Wednesday, January 3, 2018

Contrast and compare

Here is one public statement by a leader.
One of the dangers of the internet is that people can have entirely different realities. They can be cocooned in information that reinforces their current biases.
The question has to do with how do we harness this technology in a way that allows a multiplicity of voices, allows a diversity of views, but doesn't lead to a Balkanisation of society and allows ways of finding common ground.
Social media is a really powerful tool for people of common interests to convene and get to know each other and connect, but then it's important for them to get offline, meet in a pub, meet at a place of worship, meet in a neighborhood and get to know each other, because the truth is that on the internet, everything is simplified, and when you meet people face-to-face, it turns out they're complicated.
And here is another.
No man thinks more highly than I do of the patriotism, as well as abilities, of the very worthy gentlemen who have just addressed the House.

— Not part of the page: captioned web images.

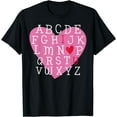 thumbnail image 1 of I LOVE YOU Valentines Day Alphabet Teacher Student School T-Shirt Black X-Large, 1 of 4
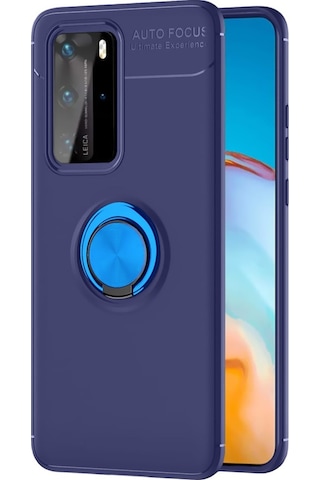 Huawei P40 Pro Kılıf Yüzüklü Tam Korumalı Silikon Kapak
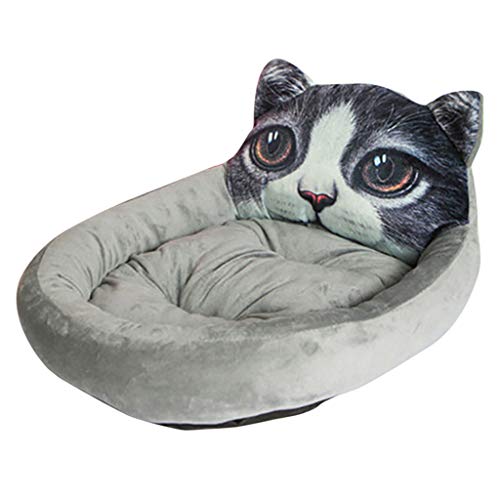 Yowablo Katzenbetten Waschbar Weiche Hundehütte Haustierstreu Tiefschlaf Komfortabel (55 * 45 * 20cm,Dunkelgrau) von Yowablo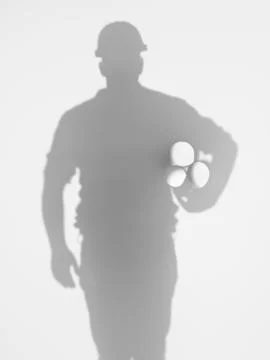 Engineer holding plans, silhouette Stock-Illustration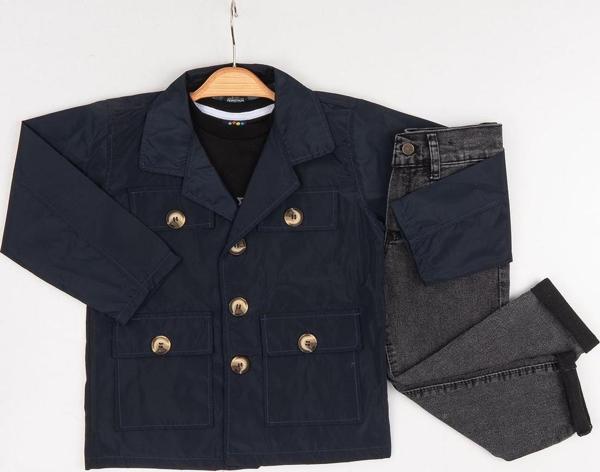 Hola Kids Erkek Çocuk Trençkot-Pantolon ve Tişört 3 lü Takım HLK5060152 Lacivert - Image 1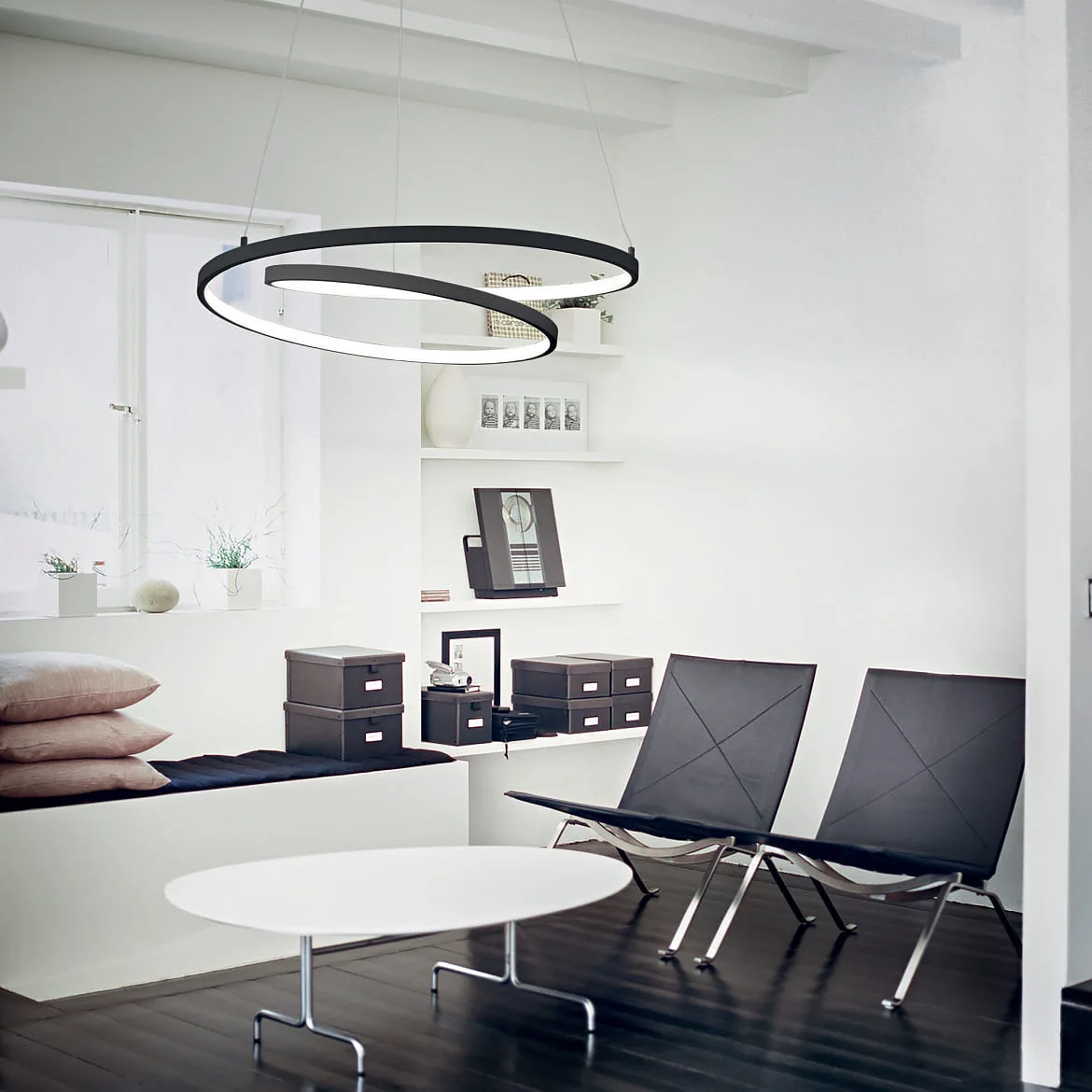 Ideal Lux pendant luminaire OZ D80 DALI/PUSH round, DALI controllable IP20, black matt dimmable Ideal Lux pendant luminaire OZ D80 DALI/PUSH round, DALI controllable IP20, black matt dimmable
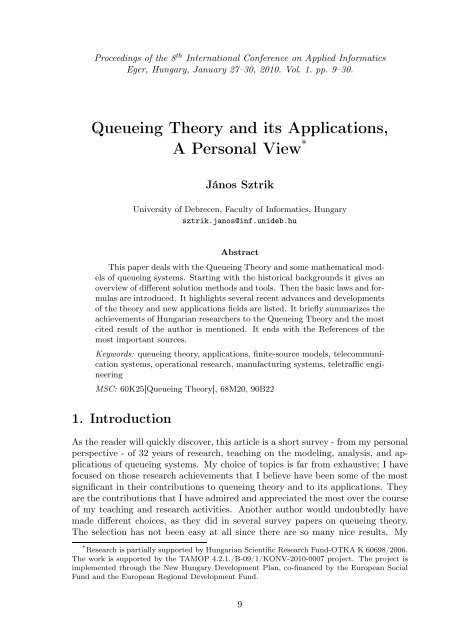 Queueing Theory and its Applications, A Personal View*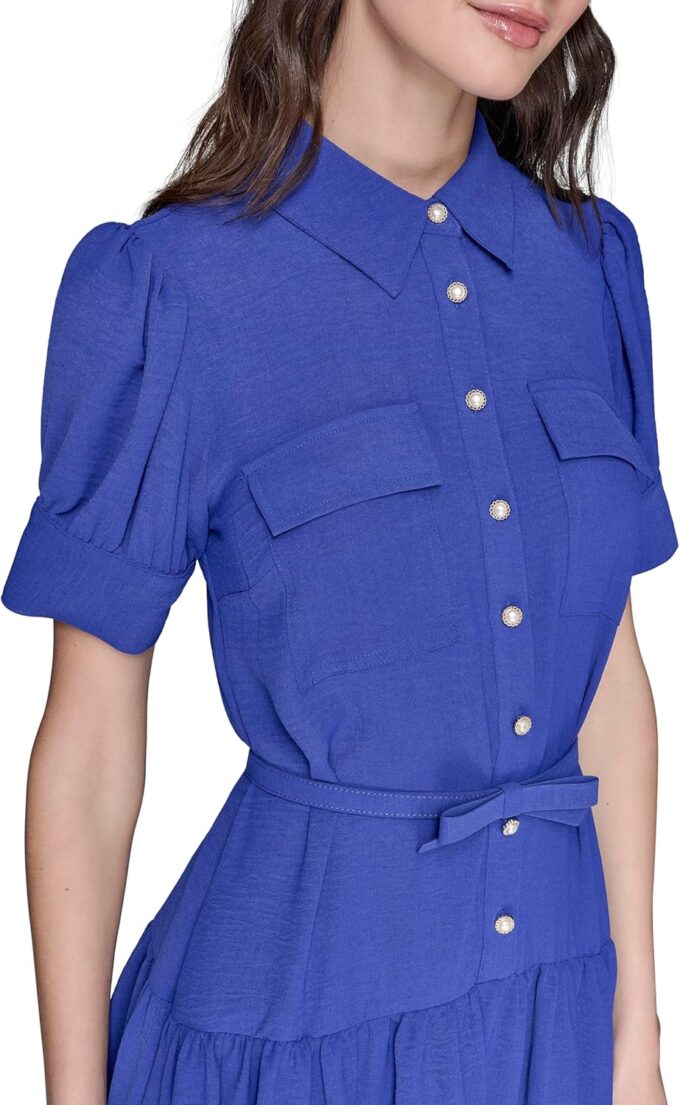 KARL LAGERFELD Women's Short Sleeve Collared Shirtdress – Bild 5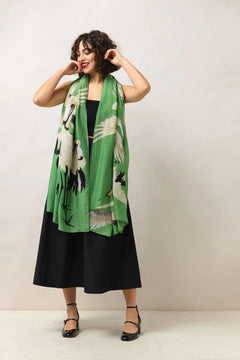 One Hundred Stars Storck Pea Green Scarf - Blue Water Clothing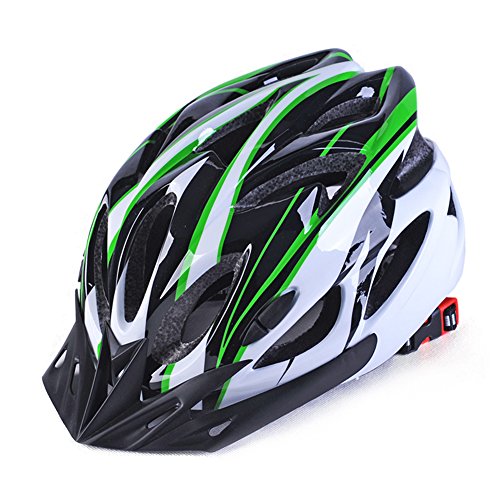 GCDN - Casco de bicicleta con visera, ajustable, ligero, para bicicleta de montaña, de carretera para adultos, jóvenes y niños, Unisex adulto, color Verde y negro., tamaño Tamaño libre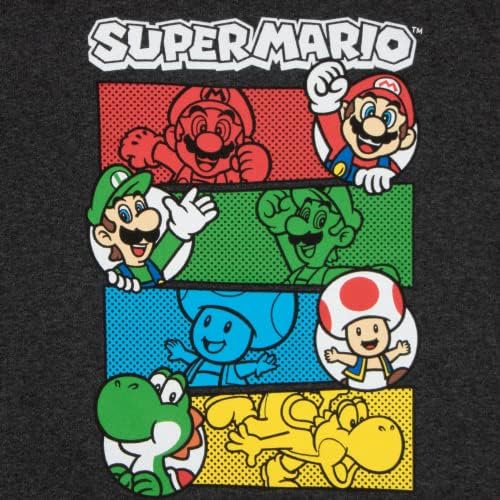 Комплект от 2 толстовок и тениски на Nintendo Super Mario за момчета, Hoody с качулка и тениска на Супер Марио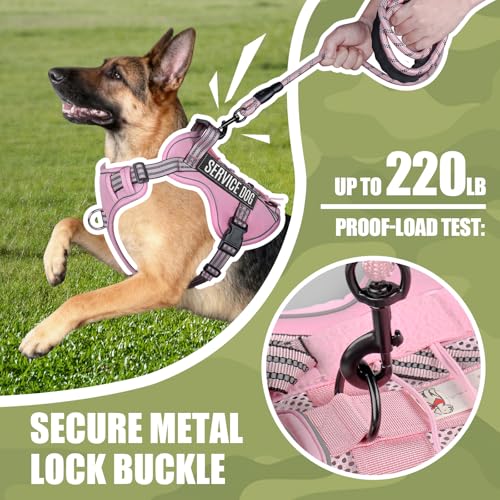 Dog Harness and Leash Set for Large Dogs (Pink / L)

But different men often see the same subject in different lights; and, therefore, I hope it will not be thought disrespectful to those gentlemen if, entertaining as I do, opinions of a character very opposite to theirs, I shall speak forth my sentiments freely, and without reserve.*
I know who I trust more.


* Please don't jump in and tell me that there is doubt about who actually said or later wrote and attributed these words. Regardless, who said it, the statement shows a sentiment very different from the first.